The secretary of the United States Army has designated the U.S. Army Space and Missile Defense Command/Army Forces Strategic Command (SMDC) as the Army’s representative to identify and advocate for positioning, navigation, and timing (PNT) information, as well as establish and formalize joint navigation warfare (NAVWAR) requirements. SMDC is developing a TRADOC-sponsored Army NAVWAR concept that will be used to establish a baseline for how the Army will execute the NAVWAR engagements.
“Navigation warfare is really about taking a look at different position, navigation, and timing signals and figuring out how the signals flow; the potential for adversaries to disrupt our ability to use them in the future; and how can we not only protect ourselves from the enemy denying us with those abilities, but also how can we do the same to our enemies and affect them and disrupt them in a multi-domain operational environment,” said Col.

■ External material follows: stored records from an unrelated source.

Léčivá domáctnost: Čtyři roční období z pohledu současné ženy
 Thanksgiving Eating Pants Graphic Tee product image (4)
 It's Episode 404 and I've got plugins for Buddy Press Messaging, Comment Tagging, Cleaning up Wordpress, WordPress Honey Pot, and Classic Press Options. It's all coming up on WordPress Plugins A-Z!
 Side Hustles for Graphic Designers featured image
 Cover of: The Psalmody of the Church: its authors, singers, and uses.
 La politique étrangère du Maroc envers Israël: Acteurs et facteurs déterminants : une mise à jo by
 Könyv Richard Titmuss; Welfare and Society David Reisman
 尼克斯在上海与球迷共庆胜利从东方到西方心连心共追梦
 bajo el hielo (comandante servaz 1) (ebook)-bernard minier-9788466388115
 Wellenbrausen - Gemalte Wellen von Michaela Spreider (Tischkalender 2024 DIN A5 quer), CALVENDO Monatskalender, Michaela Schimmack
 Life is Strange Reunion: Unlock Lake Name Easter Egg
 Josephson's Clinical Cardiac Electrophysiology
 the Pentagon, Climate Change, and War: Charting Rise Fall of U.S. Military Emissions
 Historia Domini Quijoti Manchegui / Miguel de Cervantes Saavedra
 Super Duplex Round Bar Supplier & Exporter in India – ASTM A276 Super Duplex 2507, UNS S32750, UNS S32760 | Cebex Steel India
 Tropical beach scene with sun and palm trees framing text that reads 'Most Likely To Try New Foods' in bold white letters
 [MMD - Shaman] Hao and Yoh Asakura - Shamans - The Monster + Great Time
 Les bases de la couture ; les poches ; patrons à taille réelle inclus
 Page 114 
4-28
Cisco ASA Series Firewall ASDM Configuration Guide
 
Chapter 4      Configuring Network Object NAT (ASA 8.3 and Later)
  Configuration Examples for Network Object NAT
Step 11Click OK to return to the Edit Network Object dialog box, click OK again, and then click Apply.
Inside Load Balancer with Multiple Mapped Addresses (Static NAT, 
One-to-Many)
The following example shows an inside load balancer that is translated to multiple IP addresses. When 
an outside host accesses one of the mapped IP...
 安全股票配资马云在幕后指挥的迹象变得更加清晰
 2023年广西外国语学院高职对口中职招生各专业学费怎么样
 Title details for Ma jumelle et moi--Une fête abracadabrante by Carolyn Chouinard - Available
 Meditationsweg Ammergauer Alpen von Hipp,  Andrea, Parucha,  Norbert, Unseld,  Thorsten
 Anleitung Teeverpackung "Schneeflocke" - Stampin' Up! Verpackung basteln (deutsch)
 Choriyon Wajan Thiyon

Timothy G. Dalton, TRADOC capabilities manager for space and high altitude.
NAVWAR allows the Army to take deliberate defensive and offensive actions to assure U.S. forces PNT information through coordinated employment of space, cyberspace, and electronic warfare operations. PNT data enables the Army to precisely move, shoot and communicate; extend its operational reach; control the tempo of operations; and perform mission command, all without enemy interruption. A typical brigade combat team depends on more than 28 different systems and 600 total systems that leverage PNT. The Army has more than 250,000 GPS-dependent systems.
“It is definitely an exciting time for NAVWAR,” Dalton said. “The Army, services and Department of Defense, as a whole, have started to embrace the importance of this mission area and understand the competitive advantage the U.S. and our partners can gain while denying the adversary the ability to conduct operations with respect to navigational warfare.”